Nurse has prepared sterile field for assisting provider with chest tube insertion. Which should nurse recognize as contaminating sterile field?
- A. Provider drops sterile instrument onto near side of sterile field
- B. Nurse moistens cotton ball with sterile NS & places it on sterile field
- C. Procedure is delayed 1h because provider receives emergency call
- D. Nurse turns to speak to someone who enters through door behind nurse
- E. Client's hand brushes against outer edge of sterile field
Correct Answer: B,C,D
Rationale: The correct answers are B, C, and D.
B: Moistening a cotton ball with sterile NS and placing it on the sterile field introduces moisture and potentially non-sterile material, contaminating the field.
C: Delaying the procedure for an hour increases the risk of airborne contaminants settling on the sterile field.
D: Turning to speak to someone who enters behind the nurse can lead to inadvertent contact with non-sterile areas, contaminating the field.
Incorrect choices:
A: While dropping a sterile instrument close to the field is not ideal, it may not necessarily contaminate the field unless it actually touches it.
E: Client's hand brushing against the outer edge of the field is a potential contamination point, but it does not directly contaminate the sterile field.
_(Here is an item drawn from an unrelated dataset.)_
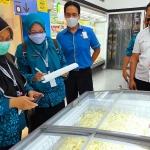 TKP2MO Kota Blitar saat meninjau produk frozen food di salah satu toko modern.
Nurse is completing discharge teaching to client with COPD. Client verbalizes understanding of orthopneic position when he states, 'When I have difficulty breathing at night, I will...'
- A. Lie on my back with head & shoulders elevated on a pillow
- B. Lie flat on my stomach with head to one side
- C. Sit on side of my bed & rest my arms over pillows on top of my raised bedside table
- D. Lie on my side with my weight on my hips & shoulder with my arms flexed in front of me
Correct Answer: C
Rationale: The correct answer is C: Sit on side of my bed & rest my arms over pillows on top of my raised bedside table. This position, known as orthopneic position, helps improve breathing by allowing the chest to expand fully, making it easier to take deep breaths. Sitting on the side of the bed and resting arms over pillows on a raised table helps to reduce the work of breathing.
A: Lie on my back with head & shoulders elevated on a pillow - This position may not provide as much relief in breathing as the orthopneic position.
B: Lie flat on my stomach with head to one side - This position can actually make breathing more difficult for someone with COPD.
D: Lie on my side with my weight on my hips & shoulder with my arms flexed in front of me - This position may not be as effective in improving breathing compared to the orthopneic position.
By choosing option C, the client can effectively manage breathing difficulties associated with
The patient has been in bed for several days and needs to be ambulated. Which action will the nurse take first?
- A. Maintain a narrow base of support.
- B. Encourage the patient to dangle at the bedside.
- C. Encourage isometric exercises at the bedside.
- D. Suggest a high-calcium diet.
Correct Answer: B
Rationale: The correct answer is B: Encourage the patient to dangle at the bedside. This is the first step in ambulating a patient who has been in bed for several days. Dangling helps prevent postural hypotension by allowing the patient's body to adjust gradually to an upright position. Maintaining a narrow base of support (A) is important during ambulation but comes after dangling. Isometric exercises (C) and suggesting a high-calcium diet (D) are not immediate actions needed for ambulation.